Get To Know More About Arts District Liberty Station InstallationsArts & Culture So many unique and hidden art installations to get up close and personal with!
Liberty Station is an absolute gem of our community for so many reasons…not least of which is the amazing art you’ll find throughout the grounds.
But if you’re like us, you probably don’t know as much as you’d like about the artists that created them or the inspiration behind them. So we asked for more information on some of the ARTS DISTRICT Liberty Station installations so we could share with you and encourage your exploration of these amazing works of art!
“Facetime”, by Miki Iwasaki
Contains three sculptures incorporating steel and wooden bench elements, representing the universal, primal need for shelter and spaces for face-to-face conversation. An artist reception, open to the public, showcases the connection between small-scale model making and large-scale architecture and construction.
“A Dime to Call Home”, by Michelle Montjoy
A collection of sea bags cast in cement, revealing bits of soft clothing and “arms” knitted from nautical rope reaching up from each bag. This installation represents the transformations new recruits experience upon entering the military and its contrasts to home life.
“Column A and Column B: A Continual Mural Narrative Performance”, by Hugo Crosthwaite
A mural project that is all about presenting muralism as a performance. Crosthwaite created the mural in public for 16 days. During that time, the public was able to see him work and ask questions. The project is a performance about the creative process and showcases the nature of art.
“Sky Mosaic”, by David Krimmel
A 30’ x 8’ foot installation on an arcade rooftop walkway will be created using 1,200 colored transparent tiles that will literally “flutter” in the wind.
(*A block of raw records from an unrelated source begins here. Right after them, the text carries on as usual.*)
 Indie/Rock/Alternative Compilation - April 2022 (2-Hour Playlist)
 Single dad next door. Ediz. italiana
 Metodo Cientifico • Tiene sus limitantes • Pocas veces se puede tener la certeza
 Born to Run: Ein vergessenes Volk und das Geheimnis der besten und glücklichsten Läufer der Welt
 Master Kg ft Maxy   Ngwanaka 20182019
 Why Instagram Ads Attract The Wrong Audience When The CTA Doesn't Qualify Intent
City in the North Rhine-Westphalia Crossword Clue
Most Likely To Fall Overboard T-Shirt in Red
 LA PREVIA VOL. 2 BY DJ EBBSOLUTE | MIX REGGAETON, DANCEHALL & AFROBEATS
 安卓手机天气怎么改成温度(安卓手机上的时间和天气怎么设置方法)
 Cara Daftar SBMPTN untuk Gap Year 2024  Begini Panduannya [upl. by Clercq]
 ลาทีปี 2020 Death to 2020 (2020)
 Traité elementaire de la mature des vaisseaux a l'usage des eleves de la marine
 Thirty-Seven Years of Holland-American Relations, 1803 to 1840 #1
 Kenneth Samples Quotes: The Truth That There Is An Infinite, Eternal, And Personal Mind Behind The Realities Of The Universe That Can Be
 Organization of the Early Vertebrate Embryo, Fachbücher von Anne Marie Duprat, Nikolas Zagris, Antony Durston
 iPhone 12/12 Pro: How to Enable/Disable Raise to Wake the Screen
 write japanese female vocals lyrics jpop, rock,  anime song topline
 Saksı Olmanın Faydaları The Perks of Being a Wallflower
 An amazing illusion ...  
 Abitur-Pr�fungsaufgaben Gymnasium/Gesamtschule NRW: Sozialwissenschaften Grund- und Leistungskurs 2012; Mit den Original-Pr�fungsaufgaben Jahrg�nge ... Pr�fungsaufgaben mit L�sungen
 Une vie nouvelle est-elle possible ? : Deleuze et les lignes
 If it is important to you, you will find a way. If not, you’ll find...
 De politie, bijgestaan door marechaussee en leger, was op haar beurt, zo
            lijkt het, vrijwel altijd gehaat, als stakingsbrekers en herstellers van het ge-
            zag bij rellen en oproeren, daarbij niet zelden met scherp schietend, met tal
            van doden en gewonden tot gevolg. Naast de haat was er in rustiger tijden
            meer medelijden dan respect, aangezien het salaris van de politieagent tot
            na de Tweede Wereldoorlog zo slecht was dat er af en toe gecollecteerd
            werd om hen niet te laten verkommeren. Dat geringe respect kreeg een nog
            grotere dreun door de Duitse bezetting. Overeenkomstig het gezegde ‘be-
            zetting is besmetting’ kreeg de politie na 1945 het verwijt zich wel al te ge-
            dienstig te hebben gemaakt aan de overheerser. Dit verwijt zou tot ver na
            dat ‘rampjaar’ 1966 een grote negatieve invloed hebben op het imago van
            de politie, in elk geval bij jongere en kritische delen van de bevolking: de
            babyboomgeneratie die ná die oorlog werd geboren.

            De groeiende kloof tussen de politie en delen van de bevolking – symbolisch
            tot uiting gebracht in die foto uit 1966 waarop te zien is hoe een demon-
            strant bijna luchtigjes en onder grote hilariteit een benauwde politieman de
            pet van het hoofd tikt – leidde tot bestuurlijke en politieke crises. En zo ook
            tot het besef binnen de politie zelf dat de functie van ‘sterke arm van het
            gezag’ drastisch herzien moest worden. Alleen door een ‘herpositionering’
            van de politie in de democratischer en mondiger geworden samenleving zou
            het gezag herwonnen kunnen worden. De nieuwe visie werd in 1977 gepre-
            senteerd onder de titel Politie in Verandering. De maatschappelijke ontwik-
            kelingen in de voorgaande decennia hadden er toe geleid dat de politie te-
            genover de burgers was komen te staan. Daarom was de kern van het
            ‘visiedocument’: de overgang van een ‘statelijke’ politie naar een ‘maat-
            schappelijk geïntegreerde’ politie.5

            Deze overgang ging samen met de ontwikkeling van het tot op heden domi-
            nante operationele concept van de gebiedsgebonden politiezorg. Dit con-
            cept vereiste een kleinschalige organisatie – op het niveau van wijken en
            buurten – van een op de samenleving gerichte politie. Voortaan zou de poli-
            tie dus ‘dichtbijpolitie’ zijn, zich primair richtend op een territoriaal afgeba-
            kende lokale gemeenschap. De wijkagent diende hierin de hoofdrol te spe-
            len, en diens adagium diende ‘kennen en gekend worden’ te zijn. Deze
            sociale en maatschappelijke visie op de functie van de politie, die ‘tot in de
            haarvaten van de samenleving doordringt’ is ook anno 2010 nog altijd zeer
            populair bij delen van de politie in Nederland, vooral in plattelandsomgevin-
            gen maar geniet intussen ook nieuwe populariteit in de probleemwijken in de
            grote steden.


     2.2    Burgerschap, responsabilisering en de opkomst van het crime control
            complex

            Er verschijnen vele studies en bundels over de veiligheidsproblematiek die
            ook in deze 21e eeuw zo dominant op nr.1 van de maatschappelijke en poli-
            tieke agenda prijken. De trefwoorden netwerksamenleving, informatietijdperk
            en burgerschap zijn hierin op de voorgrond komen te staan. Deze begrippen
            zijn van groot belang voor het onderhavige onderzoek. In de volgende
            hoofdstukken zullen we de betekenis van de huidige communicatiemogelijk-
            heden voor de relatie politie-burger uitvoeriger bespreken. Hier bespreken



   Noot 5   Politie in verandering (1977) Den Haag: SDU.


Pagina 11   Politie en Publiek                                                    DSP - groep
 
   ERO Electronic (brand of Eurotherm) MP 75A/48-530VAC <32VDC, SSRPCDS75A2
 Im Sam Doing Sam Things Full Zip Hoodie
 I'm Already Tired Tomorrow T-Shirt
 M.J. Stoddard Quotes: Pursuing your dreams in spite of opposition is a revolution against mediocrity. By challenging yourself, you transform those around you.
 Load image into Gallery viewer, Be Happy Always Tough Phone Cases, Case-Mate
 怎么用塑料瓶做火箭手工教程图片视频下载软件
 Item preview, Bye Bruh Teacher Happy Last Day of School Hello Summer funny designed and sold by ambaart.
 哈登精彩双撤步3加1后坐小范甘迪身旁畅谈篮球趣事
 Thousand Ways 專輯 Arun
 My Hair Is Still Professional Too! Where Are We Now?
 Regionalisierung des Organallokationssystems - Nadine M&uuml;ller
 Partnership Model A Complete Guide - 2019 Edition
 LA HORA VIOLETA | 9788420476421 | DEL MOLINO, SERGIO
Inspired by the original tiles in Liberty Public Market, the piece will cast colorful shadows depending on sun and season.
“Tesselation #1”, by Jason Xavier Lane
A sculpture influenced by craft and design in the San Diego region, past and present. A sculptural monolith clad in three-dimensional, hand-cast concrete tiles will be set beneath two existing magnolia trees. A bench of hand-hewn timber is inset within the sculpture to reflect Liberty Station’s original 1920’s grand post-and-beam roof construction and the legacy of naval shipbuilding.
“Rolling it Forward”, by Jeremy Nuttall
One of the many unique and hidden art installations at the ARTS DISTRICT Liberty Station. This piece is by local artist Jeremy Nuttall and represents a boat and rolling waves made entirely of community-painted skateboards located on the roof of one of the buildings. It builds on the concept of “Pay It Forward” and required the support and involvement of the community to be completed through public painting events. The project references two important histories of San Diego both the Naval and Maritime histories along with the influence San Diego has had on the progression of skateboarding and the communities they connect.
See you there…and stay healthy, San Diego!